By Andrew Stuttaford

Talk of contacts with Czech Intelligence has generated some entertaining headlines but it hasn’t done Jeremy Corbyn much harm. According to a YouGov poll, only eight per cent of voters think less of him. Nearly two-thirds (some of whom, I suppose, may have already thought that he was a Commie spy) are apparently left unchanged in their opinion and six per cent seemed somewhat impressed. We shouldn’t be surprised. The unelectable, unthinkable Corbyn swept to the leadership of the Labour Party and then led his unelectable party to an almost unthinkable result in the general election. Nearly nine months later, this unelectable party is ahead at the polls: a lead that has grown since Jan Sarkocy started to reminisce.

We do not know what, if any, Cold War skeletons may yet emerge from Corbyn’s cupboard, though it should be stressed that there is, so far, no convincing evidence that he was recruited as an agent or did anything other than have meetings with a representative of a foreign government. But even if there were to be any revelations, it’s difficult to see what difference they would make. After all, there are horrors enough out there as it is: they range from Corbyn’s involvement with (let’s be polite) Irish republicanism to a politically and psychologically disturbing series of fanboy infatuations with thugs, goons and hard men overseas. That some of them are on the hard Left is unsurprising, given Corbyn’s always adventurous interpretation of “democratic” socialism, but it says something – and nothing good – that others appear to be united by little more than their distaste for the liberal West, a liberal West that includes the country that Corbyn would like to lead.

Corbyn, secular and socialist, has praised the revolution that led to Iran’s klepto-theocracy. He once called for “political compromise” with ISIS, and has marched rather too closely in step with a Kremlin that in reality, if not always in imagery, has long since left the red flag behind.

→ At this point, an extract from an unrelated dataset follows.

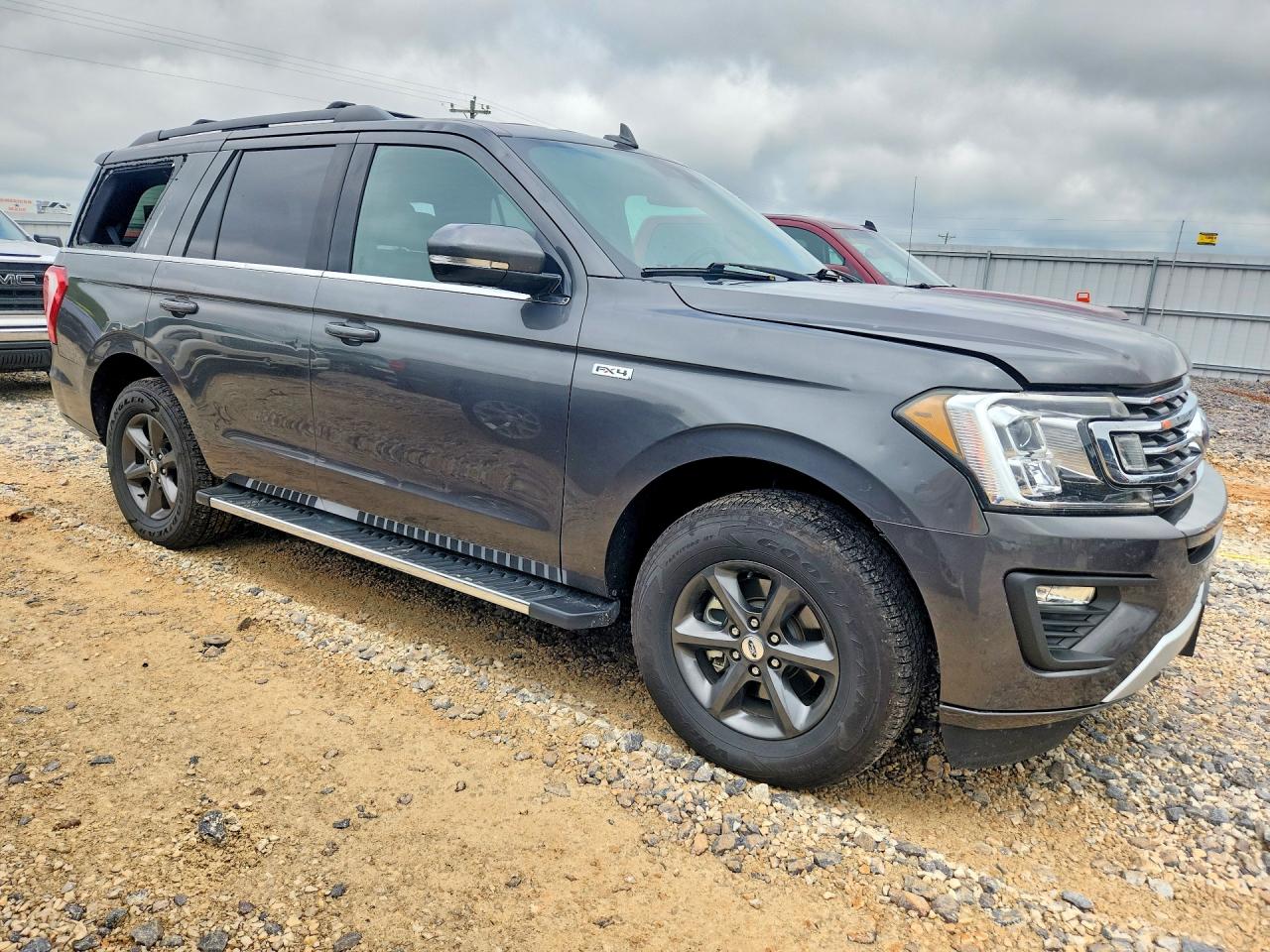 Ford Expedition Xlt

Large numbers of Labour voters are aware of at least some of this, and quite a few are aware too that there is plenty more – hatred of Nato, say, or a degree of sympathy for Serbia’s Slobodan Milosevic – bubbling in the sewer from which Corbyn’s enthusiasms emerge. Yet they still vote for him and his party. They would thus be unlikely to be too concerned by accusations of Cold War skullduggery from over 30 years ago, even, I suspect, if it turned out that “Agent Cob” had handed the Czechs some gossip he felt might speed up the march to Utopia.

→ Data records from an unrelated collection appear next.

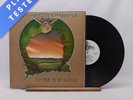 Barclay James Harvest Gone To Earth Die-Cut Sleeve LP Album Vinyl Record - EX/EX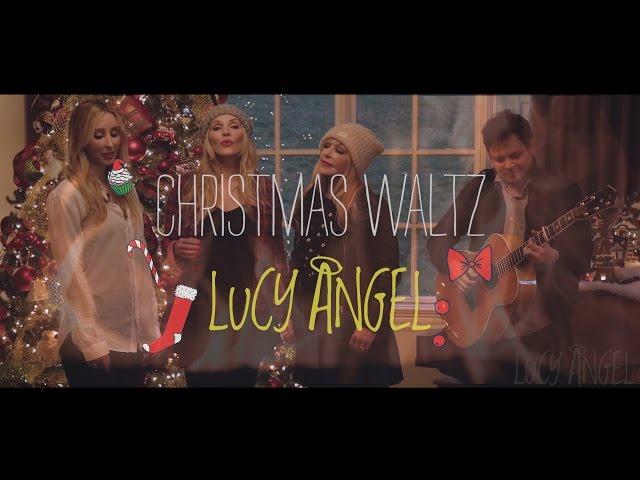 Christmas Waltz / Lucy Angel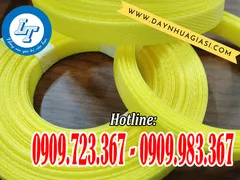 Bán dây đai nhựa nguyên sinh giá rẻ
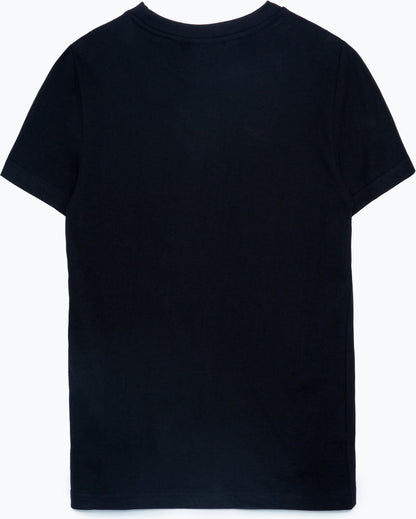 HYPE X LEGO NINJAGO Black Squad Script Adults' T-Shirt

Such insouciance is a worry, but not much of a mystery. To no small extent, Corbyn has been let off the hook by nothing more complicated than time. It’s been more than three decades since his alleged Czech encounter, and, for that matter, since he invited two convicted IRA terrorists to a meeting in parliament shortly after the Brighton bombing. The Troubles were ended by the Good Friday agreement and the Cold War by the collapse of the Soviet empire. Memories of both conflicts have faded and so have the passions they once aroused. Time can be too good, and too forgiving, a healer. It is also an accomplished gravedigger. Many of those able to understand the significance of Corbyn’s past behaviour are no longer around to explain.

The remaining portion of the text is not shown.